INSTRUCTIONS TO FOLLOW: Begin with the line below holding "Ballast Point Sculpin" and go on through the line holding "Honored to receive", duplicating each line exactly and leaving out pictures.

DATASET CONTENT:
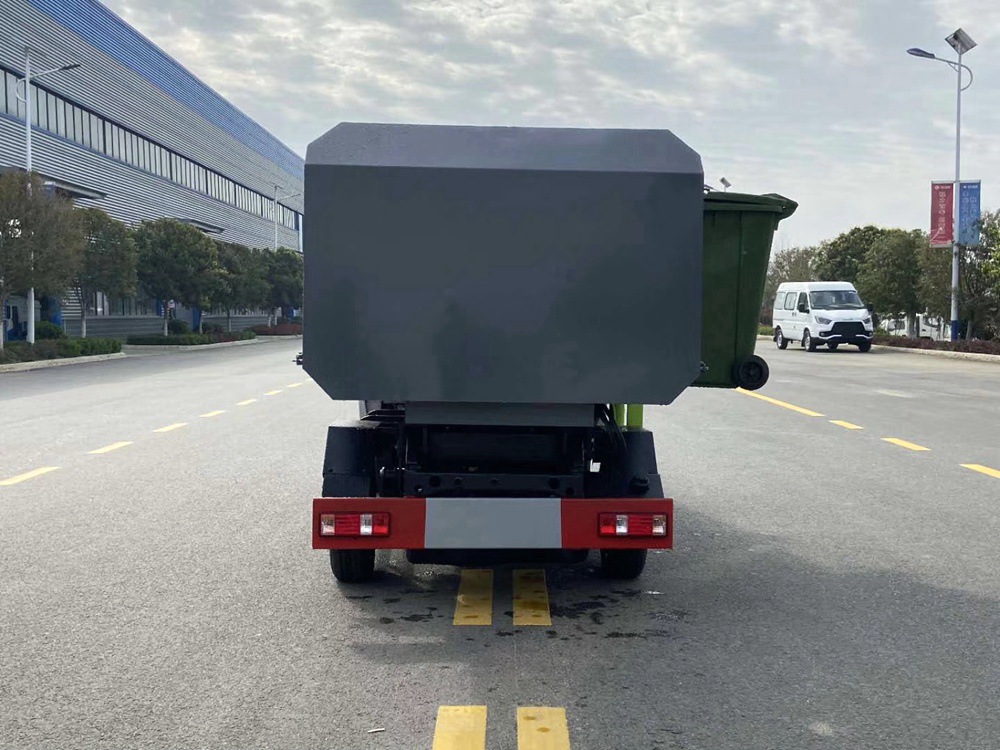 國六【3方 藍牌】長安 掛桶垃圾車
...
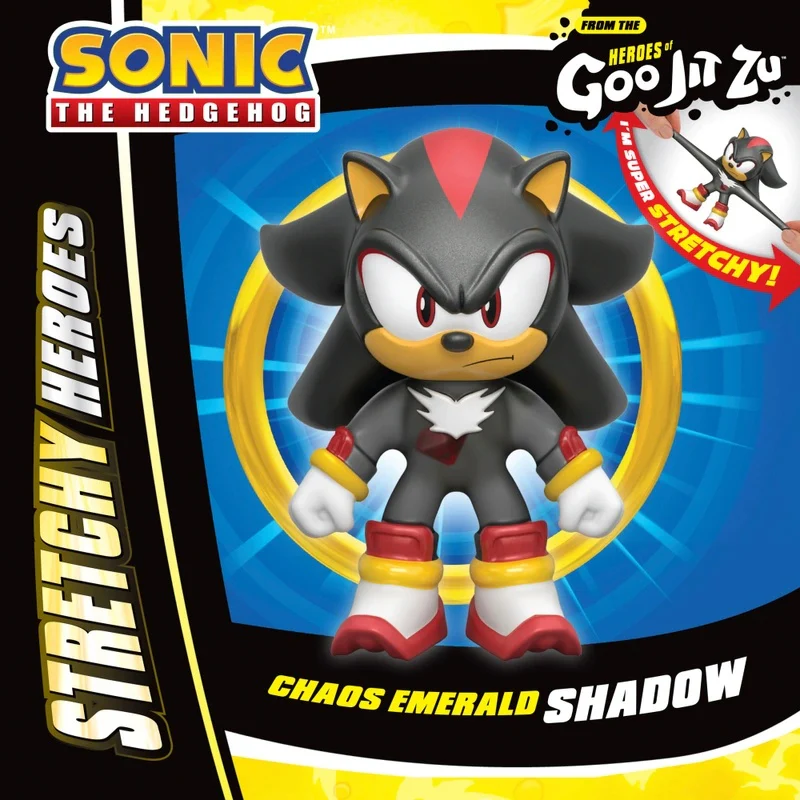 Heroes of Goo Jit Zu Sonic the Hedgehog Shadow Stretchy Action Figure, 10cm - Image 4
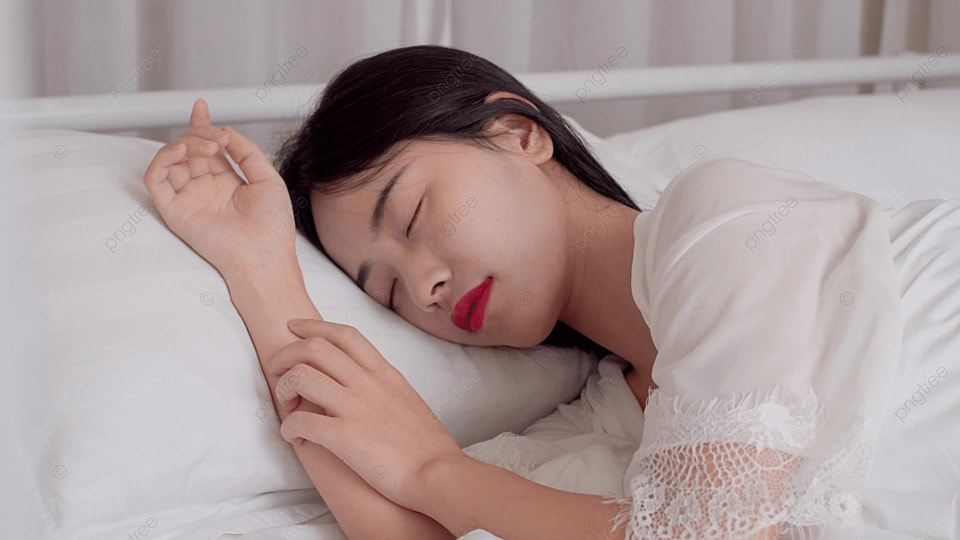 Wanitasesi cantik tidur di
---
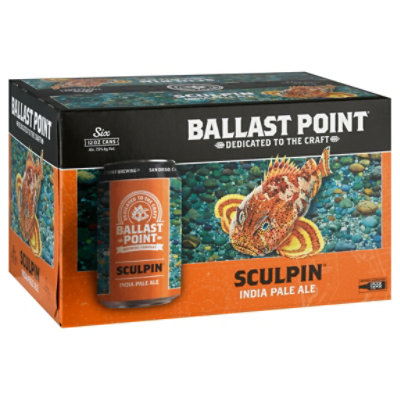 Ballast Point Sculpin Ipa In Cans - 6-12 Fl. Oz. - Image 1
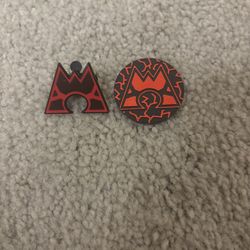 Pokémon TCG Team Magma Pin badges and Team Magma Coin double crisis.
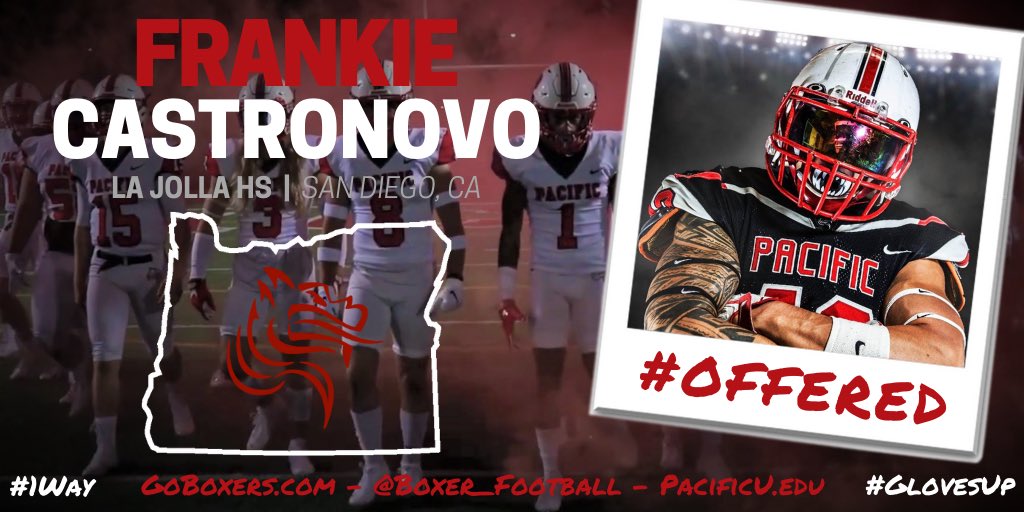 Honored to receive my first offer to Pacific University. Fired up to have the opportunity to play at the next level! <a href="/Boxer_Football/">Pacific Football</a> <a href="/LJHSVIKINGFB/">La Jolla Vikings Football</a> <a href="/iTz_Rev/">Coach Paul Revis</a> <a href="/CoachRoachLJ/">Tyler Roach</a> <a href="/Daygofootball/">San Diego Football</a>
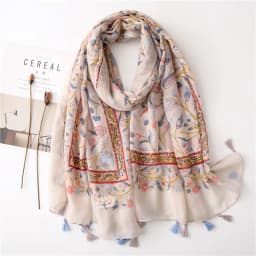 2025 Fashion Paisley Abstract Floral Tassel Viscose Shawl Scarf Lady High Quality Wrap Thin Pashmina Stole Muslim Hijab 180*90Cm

TASK RESPONSE:
 Ballast Point Sculpin Ipa In Cans - 6-12 Fl. Oz. - Image 1
 Pokémon TCG Team Magma Pin badges and Team Magma Coin double crisis.
 Honored to receive my first offer to Pacific University. Fired up to have the opportunity to play at the next level! <a href="/Boxer_Football/">Pacific Football</a> <a href="/LJHSVIKINGFB/">La Jolla Vikings Football</a> <a href="/iTz_Rev/">Coach Paul Revis</a> <a href="/CoachRoachLJ/">Tyler Roach</a> <a href="/Daygofootball/">San Diego Football</a>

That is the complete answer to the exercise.